I don't know enough to comment on your plan, but RE 64kB - is this just a rough guess, or based on V8 stuff? In case it's helpful, here's the distribution of response lengths that produces the bottom-up "self times" in the original post in this thread. The x-axis are string lengths of the responses in thousands:

image (7)

So about half of the requests are under 60k characters. Mentioning just in case the 1MB responses I used in the minimal reproduction mislead you into thinking that it's only for responses at the 1MB scale where op_http_set_response_body_text becomes an issue.

mmastrac commented 11 months ago

Thanks for that note! I'll modify the proposed plan to do some perf testing around this.

billywhizz commented 11 months ago

fyi. i ran some tests on this - comparing latest deno, bun and a custom c++ runtime on same v8 minor release as deno.

from what i can see the main issue here is a difference in how JSC and v8 garbage collection work, especially when it comes to mostly ascii/latin1 strings.

if i move the creation of the string out of the request handler, then i see roughly same performance for Bun and a very minimal v8 runtime, while Deno improves to 50% of the throughput of bun.

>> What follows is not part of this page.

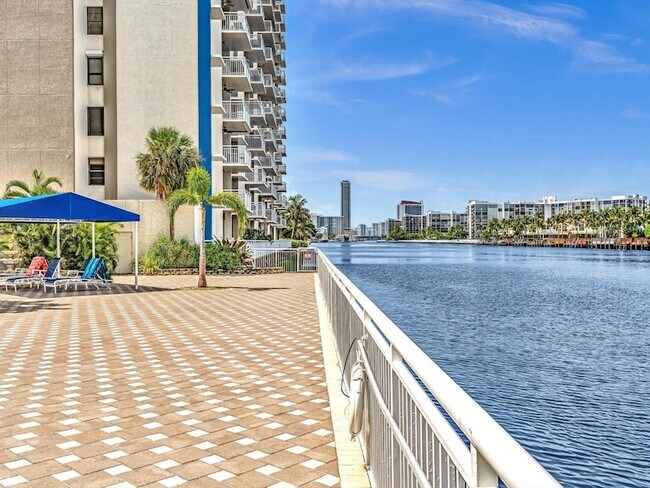 Building Photo - 1600 S Ocean Dr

const str = "a".repeat(1024*1024)

Deno.serve({port: 3000}, request => {
  return new Response(str);
});

deno
1230 rps

bun
2450 rps

custom v8/c++
2600 rps

interestingly, if i run Bun with the --smol command line switch, then Bun throughput decreases from 2450 rps to 760 rps (with much reduced overall memory usage).

this is the only info i can find about this command line switch for Bun/JSC without digging into the JSC source. but it seems the default/large JSC heap handles this particular scenario better than v8?

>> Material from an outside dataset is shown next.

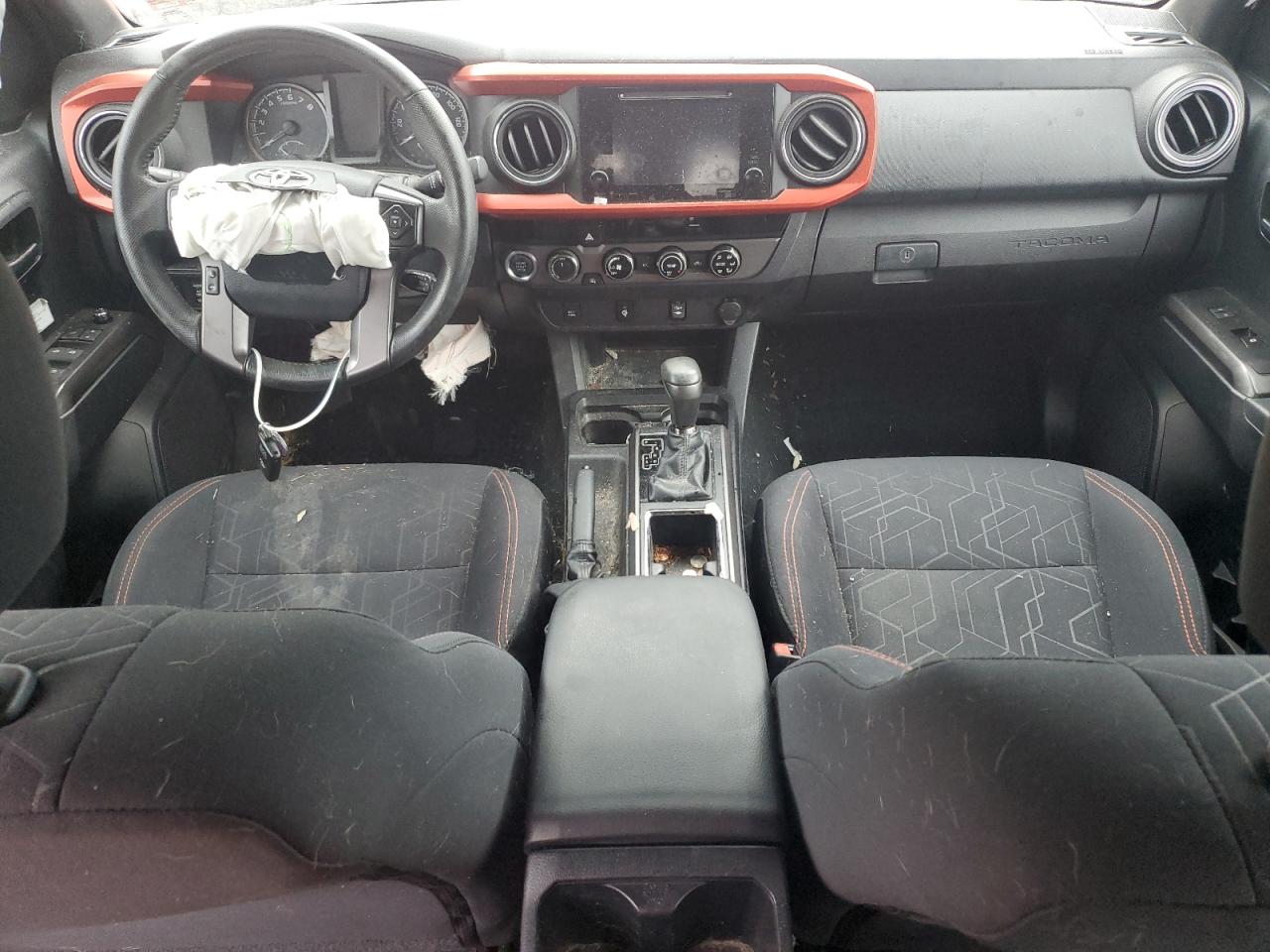 2017 Toyota Tacoma VIN 3TMCZ5AN4HM121164 Copart auction photo, front end damage thumbnail 8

i think there are still some improvements that could be made inside the Deno Response handler, but it's also possible Bun is not conforming to spec here while Deno is - something to keep in mind.

I will also have a look later today at whether this remains an issue in a more realistic scenario. I am suspicious there is some kind of caching/re-use of these static strings under the hood on the Bun/JSC side.

PS - i also tried pretty much all of the v8 gc-related flags and couldn't find anything that made a difference for this particular scenario.

billywhizz commented 11 months ago

I've done some further testing on this and, as far as I can see, this is down to differences in UTF-8 encoding of strings between Bun/JSC and Deno/Node/V8.

I posted some benchmarks here, which you should be able to run without much difficulty. There is a google sheet here with results of a run I did on my laptop. It's quite interesting I think.

The code being run is essentially the same code in the hot path of the web server benchmark above

for (let i = 0; i < runs; i++) {
  encoder.encodeInto('h'.repeat(size), dest)
}

These are the results from a run with latest Bun, Deno and a custom v8 runtime for comparison to Deno and Node.js.

bun-deno-node-spin-utf-8-comparison

This is basically the code the C++ runtime uses - it's not very safe of course but it shows what I think would be the current practical limit for any v8 based runtime.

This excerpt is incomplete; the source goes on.